# i cant tell if anyone is home



## Valley (Mar 12, 2013)

I know there is a door somewhere


----------



## hammerhead (Apr 26, 2012)

please verify if vegetation is causing damage to the home.


----------



## GTX63 (Apr 12, 2012)

Trim/cut down vines and remove for allowable.


----------



## Contractor Services (Apr 29, 2013)

Please return to property and spray for weed removal. We suggest using a dump helicopter. Trip charge $35.00:thumbsup:


----------



## Zuse (Nov 17, 2012)

Here is one we just did for 3200.00 flat fee,we thought it was going to be vary labor intensive,but it turned out it come off in large pieces,3hrs at best.


----------



## Valley (Mar 12, 2013)

That cleaned up real nice :thumbsup:


----------



## hammerhead (Apr 26, 2012)

sweet.


----------



## cover2 (Apr 3, 2013)

beautiful work


----------



## JDRM (Apr 16, 2012)

Not bad.......


----------



## Craigslist Hack (Jun 14, 2012)

Zuse said:


> Here is one we just did for 3200.00 flat fee,we thought it was going to be vary labor intensive,but it turned out it come off in large pieces,3hrs at best.

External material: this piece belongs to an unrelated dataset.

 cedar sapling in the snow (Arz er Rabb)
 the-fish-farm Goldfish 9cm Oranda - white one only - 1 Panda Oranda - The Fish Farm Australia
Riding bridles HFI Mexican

thats impressive! Give me a call sometime I have a story to tell you.


----------



## Zuse (Nov 17, 2012)

Craigslist Hack said:


> thats impressive! Give me a call sometime I have a story to tell you.


Sure will do.^

This was a WF job, when ever we do WF we go the extra mile.

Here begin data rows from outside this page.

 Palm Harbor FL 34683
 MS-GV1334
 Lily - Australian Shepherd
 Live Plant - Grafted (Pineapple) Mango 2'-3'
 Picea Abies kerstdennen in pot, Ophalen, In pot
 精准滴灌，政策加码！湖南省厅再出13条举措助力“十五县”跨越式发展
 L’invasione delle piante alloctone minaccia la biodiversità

My competitors went to the same job and bid too,but the never actually tried to rip apiece off of the vines to see how hard it was to remove ,which i did...thus my bid was lower. 

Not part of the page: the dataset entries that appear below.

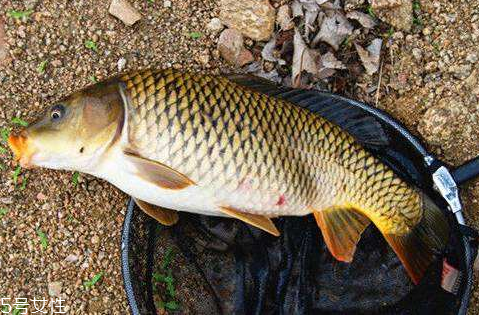 鯉魚(yú)為什么要抽筋 為了減少腥味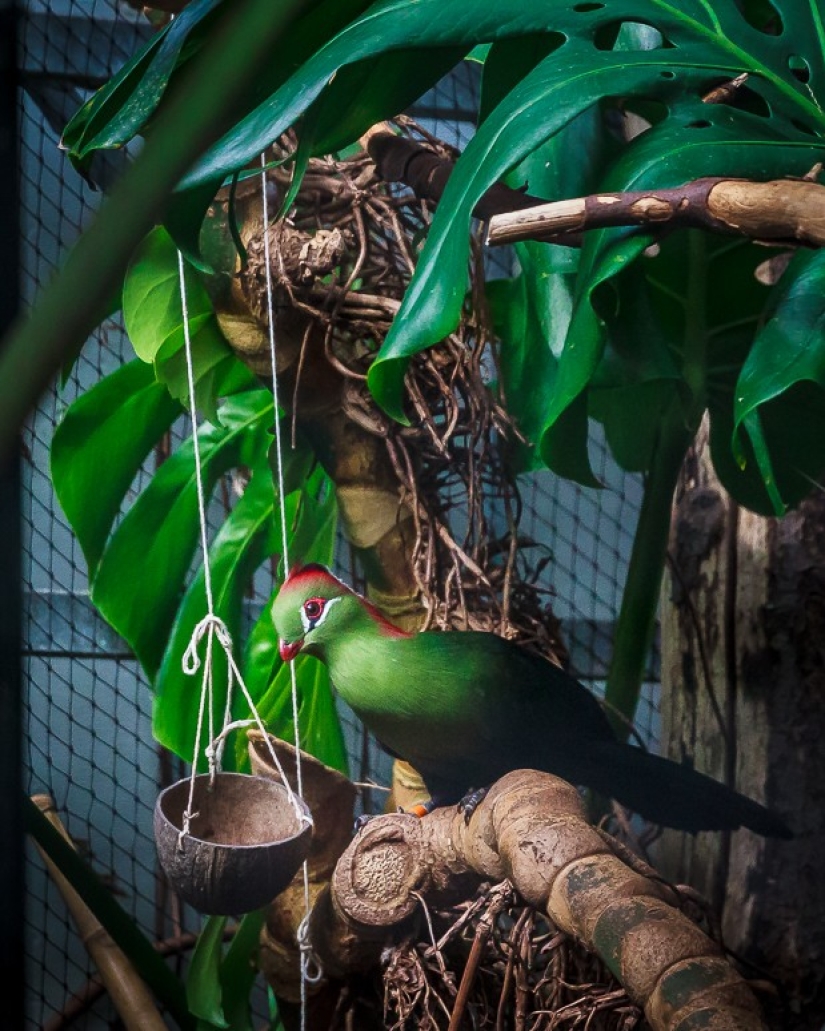 Zoo horrores de todo el mundo
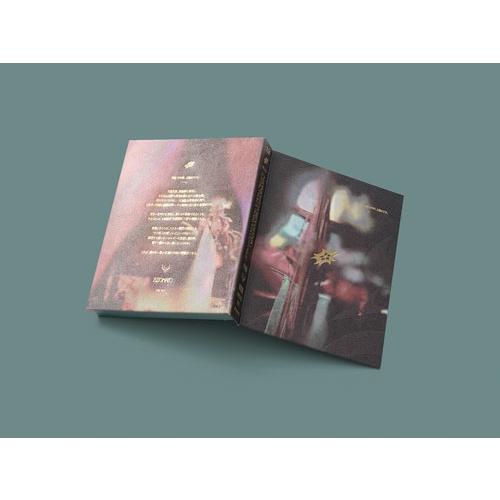 ずっと真夜中でいいのに。 永遠深夜万博「名巧は愚なるが如し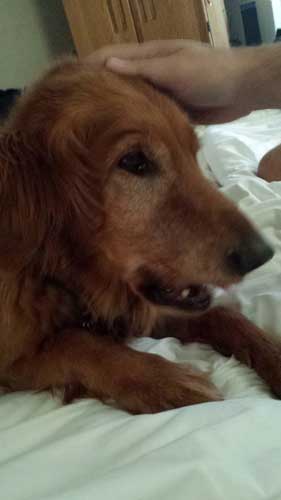 Moxie Schaffer 2014-06-14 06.48.12 resized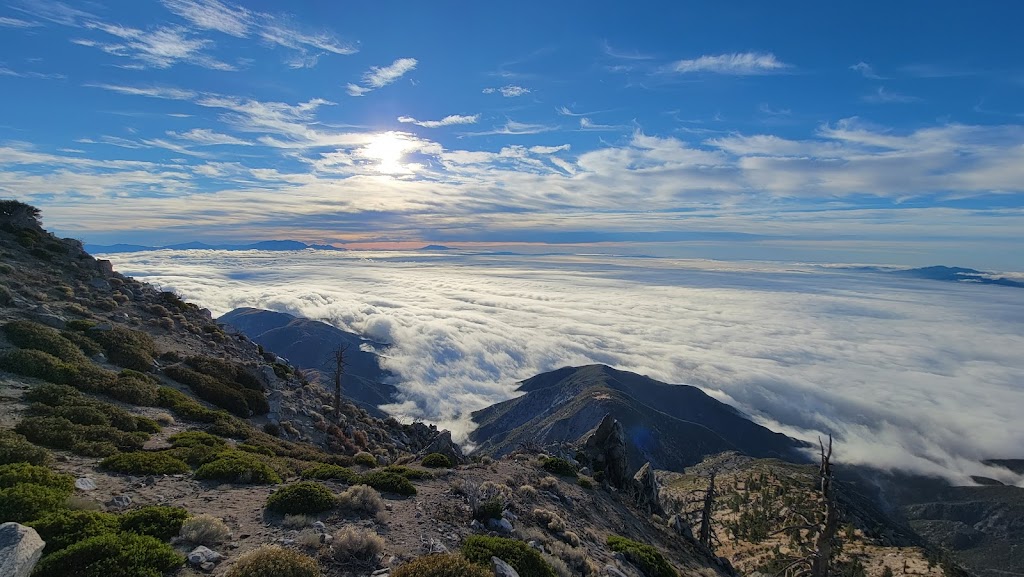 Cucamonga Wilderness | W Cucamonga Truck Trail, Lytle Creek, CA 92358, USA | Phone: (909) 382-2851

6 guys,3 chainsaw, and 2 push mowers... we mulched it up with the chainsaws so we could get push mowers on it and grind it up even further. Thru it on a 16x6 trailer with 4 ft high sides and dragged it home 90 miles with no tarp and leaves flying out all the way:icon_rolleyes: half of the ivy was gone by the time we made it to the office. 

"Glorious day" i must say,:thumbup: yep you gotta love living in the south.


----------